* Your goal *
Reproduce exactly the lines from the one containing "BGM トレーシングペーパーシール いろどりの詩" through the end of the listing, minus the pictures.
+-------+
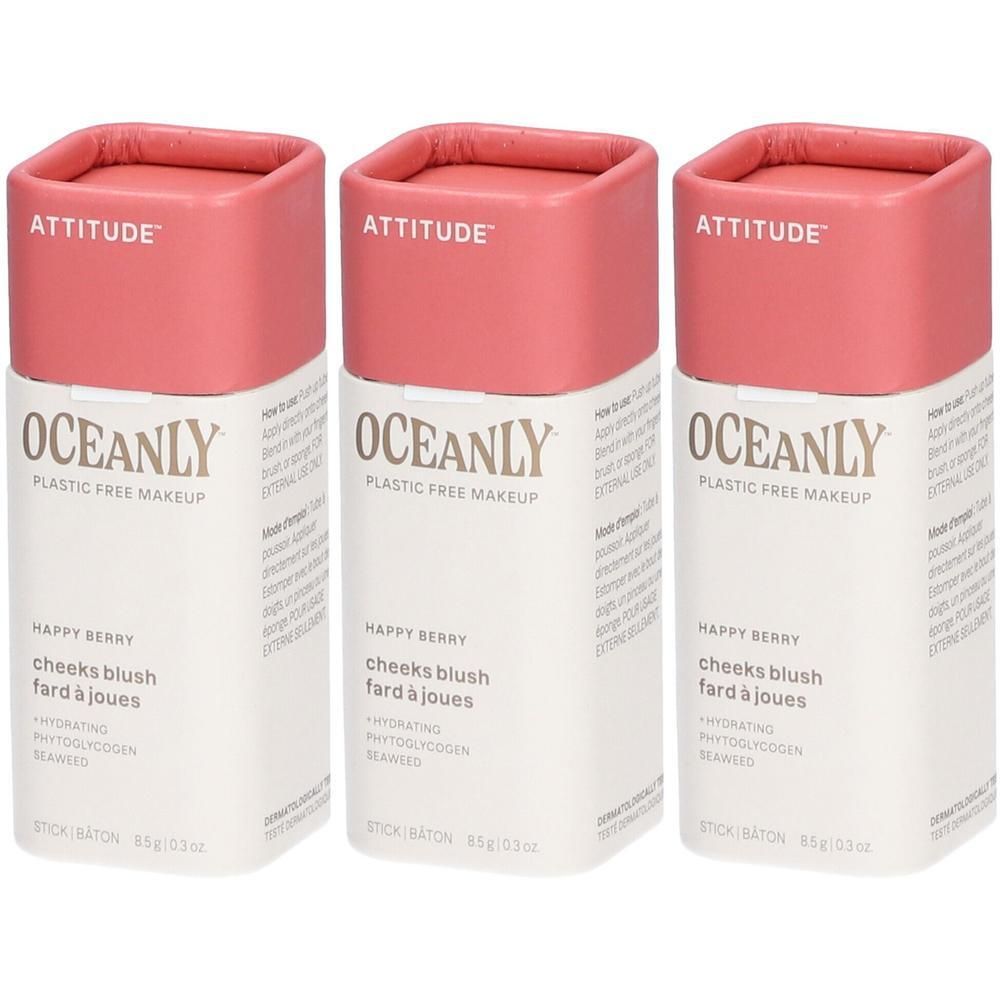 Trois sticks de blush Attitude Oceanly Happy Berry dans un emballage blanc avec un capuchon rose.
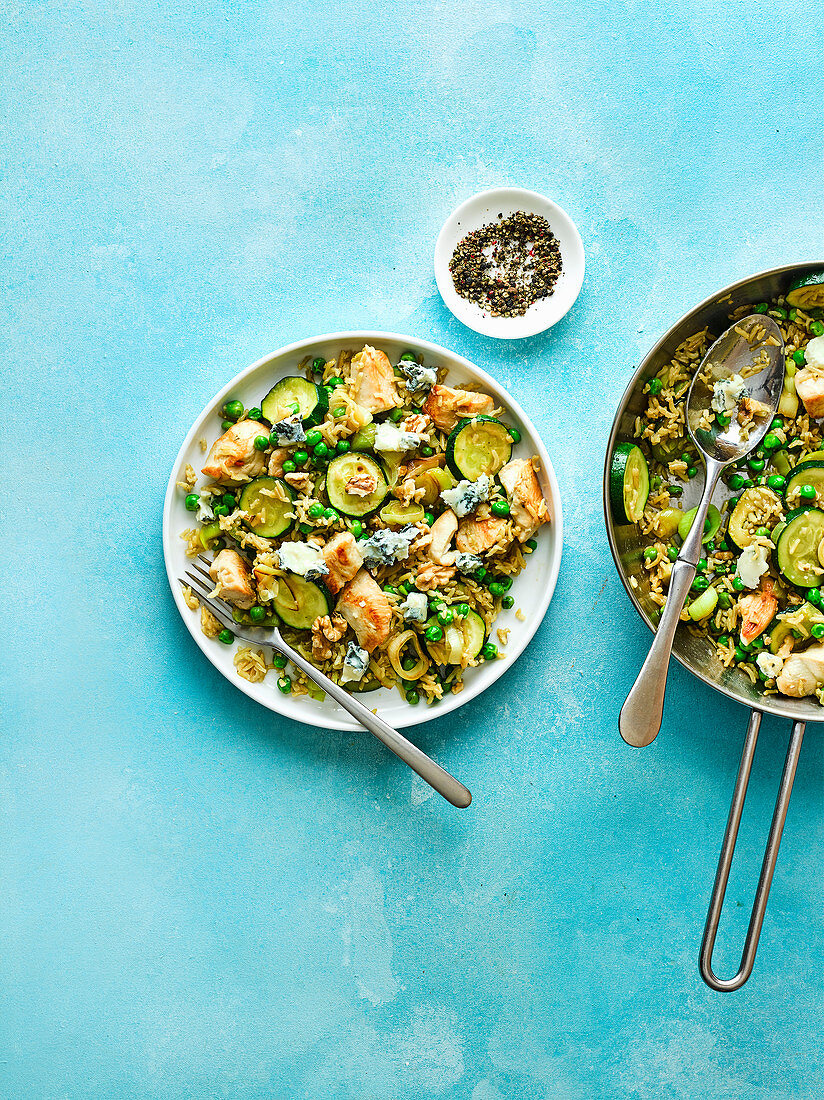 Chicken, leek and blue cheese pilaf
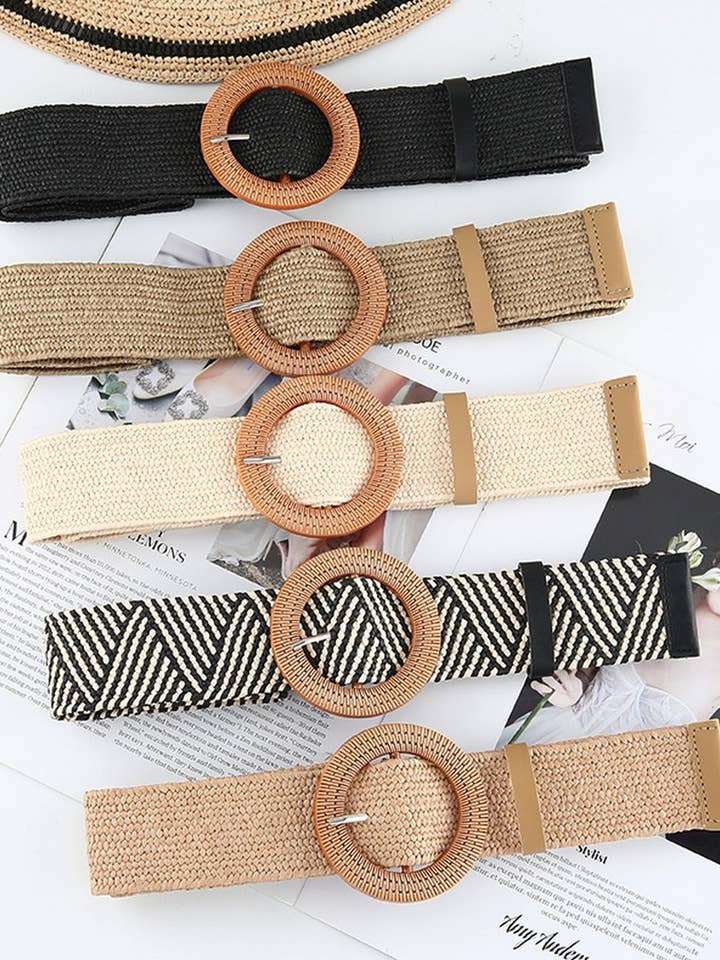 CWABE0544_VINTAGE BRAIDED ROUND BUCKLE BELTS for wholesale by NINEXIS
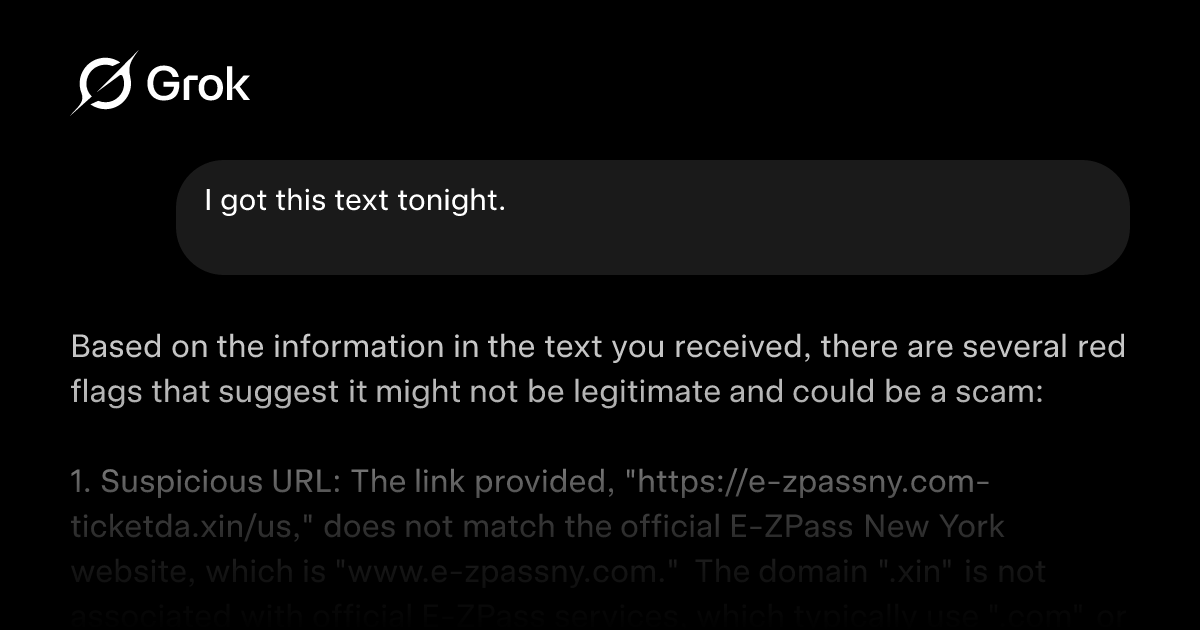 Scobleizer's tweet card. I got this text tonight. Is it real? E-ZPass – Toll Violation Notice Dear User, We noticed an u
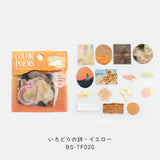 BGM トレーシングペーパーシール いろどりの詩 45枚入り シール ピンク パープル オレンジ イエロー ミドリ ブルー ホワイト ネイビー 花 写真 ビージーエム 手帳 ギフト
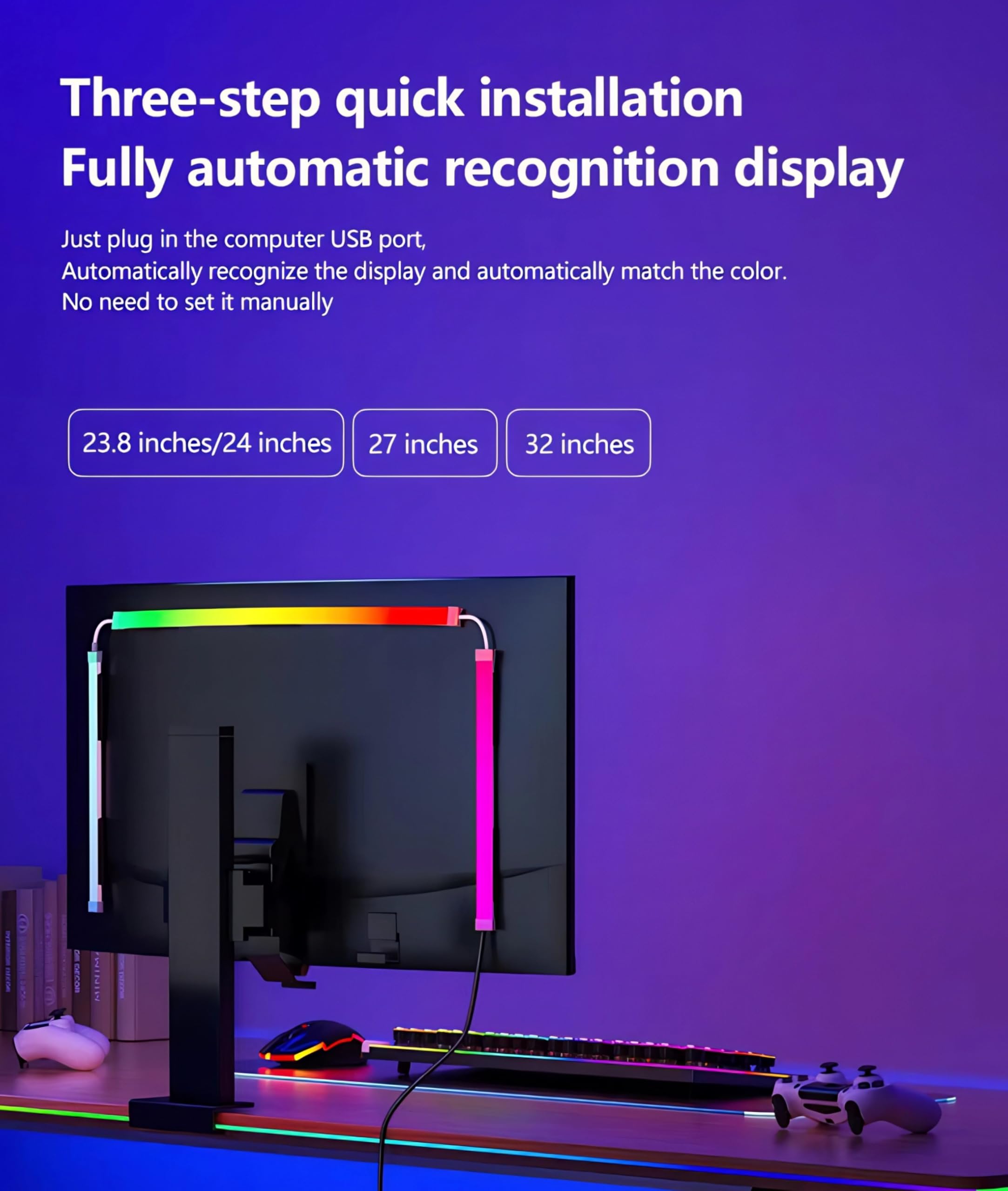 Światła LED do Podświetlenia Monitora, Synchronizacja Ekranu LED Oświetlenie Otoczenia z Wieloma Trybami Oświetlenia, Pasek LED USB RGB do Sypialni, PC, Monitor do Gier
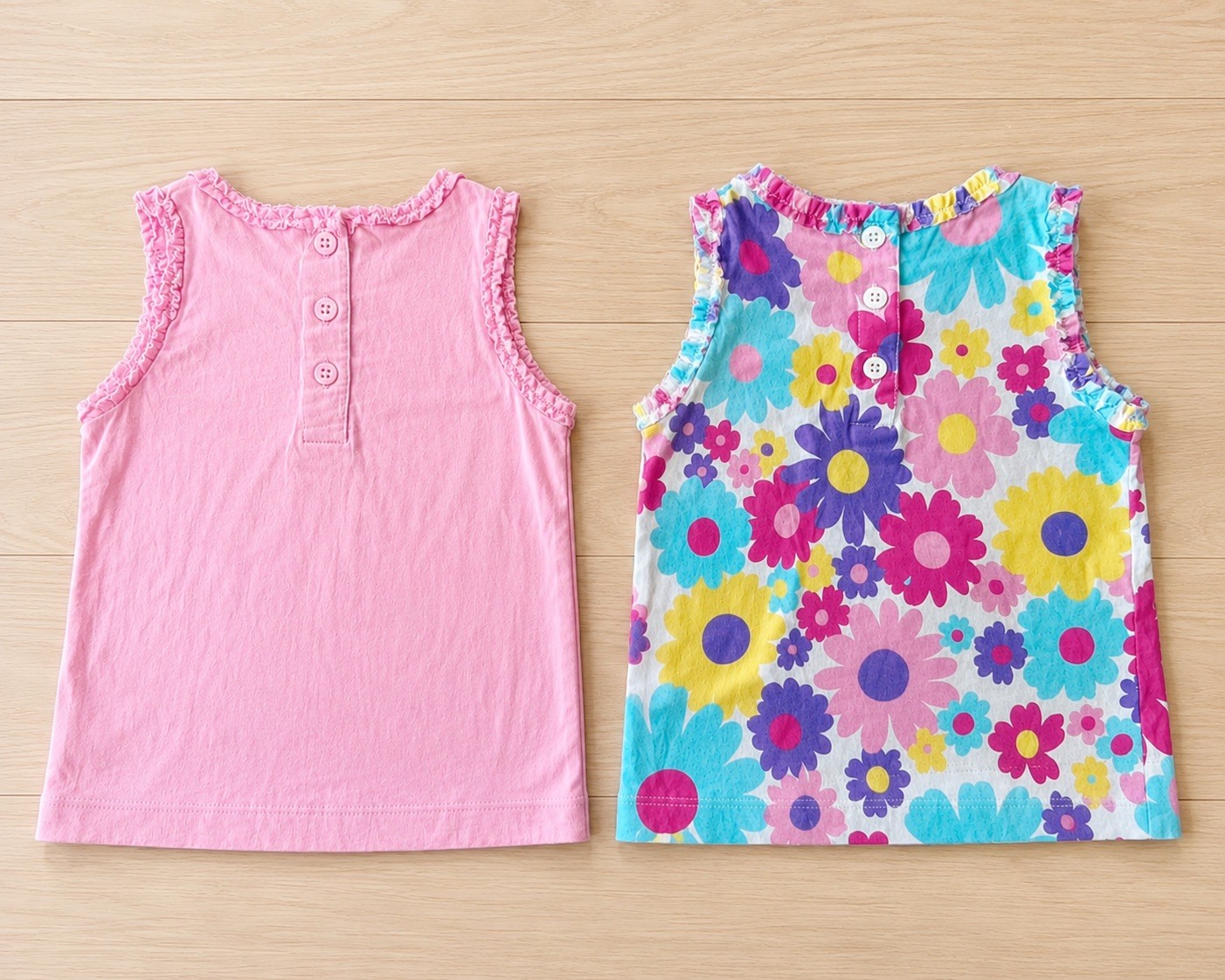 MOTHERCARE GIRLS SLEEVELESS TOPS PINK & FLORAL AGE 9-12 MONTHS image 2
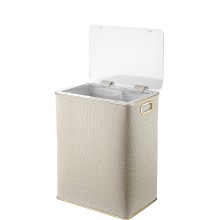 Корзина для белья Geralis KLG-S CROCO бежевая, кант золото, большая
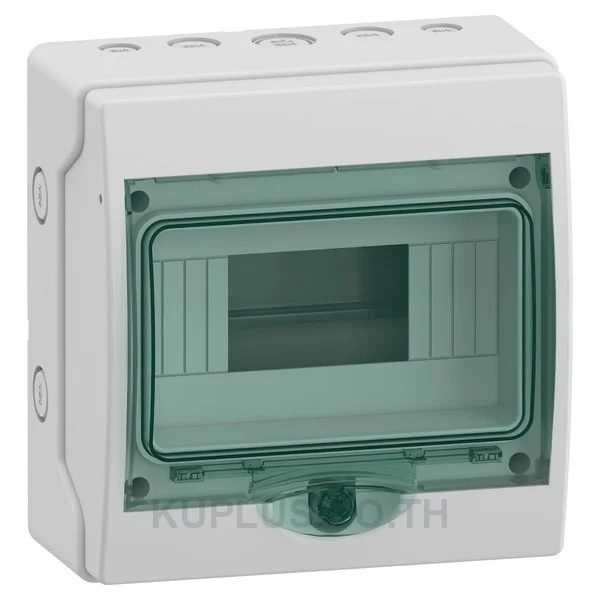 13443, ตู้กันน้ำ Schneider Electric Mini Kaedra IP65 8 ช่อง 1 แถว สำหรับติดตั้งเบรกเกอร์ ฝาใสสีเขียว สีตู้เทาอ่อน (RAL 7035)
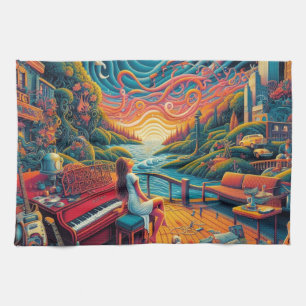 Dreamy Riverfront Harmony Tea Towel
+-------+
* Exercise answer *
 BGM トレーシングペーパーシール いろどりの詩 45枚入り シール ピンク パープル オレンジ イエロー ミドリ ブルー ホワイト ネイビー 花 写真 ビージーエム 手帳 ギフト
 Światła LED do Podświetlenia Monitora, Synchronizacja Ekranu LED Oświetlenie Otoczenia z Wieloma Trybami Oświetlenia, Pasek LED USB RGB do Sypialni, PC, Monitor do Gier
 MOTHERCARE GIRLS SLEEVELESS TOPS PINK & FLORAL AGE 9-12 MONTHS image 2
 Корзина для белья Geralis KLG-S CROCO бежевая, кант золото, большая
 13443, ตู้กันน้ำ Schneider Electric Mini Kaedra IP65 8 ช่อง 1 แถว สำหรับติดตั้งเบรกเกอร์ ฝาใสสีเขียว สีตู้เทาอ่อน (RAL 7035)
 Dreamy Riverfront Harmony Tea Towel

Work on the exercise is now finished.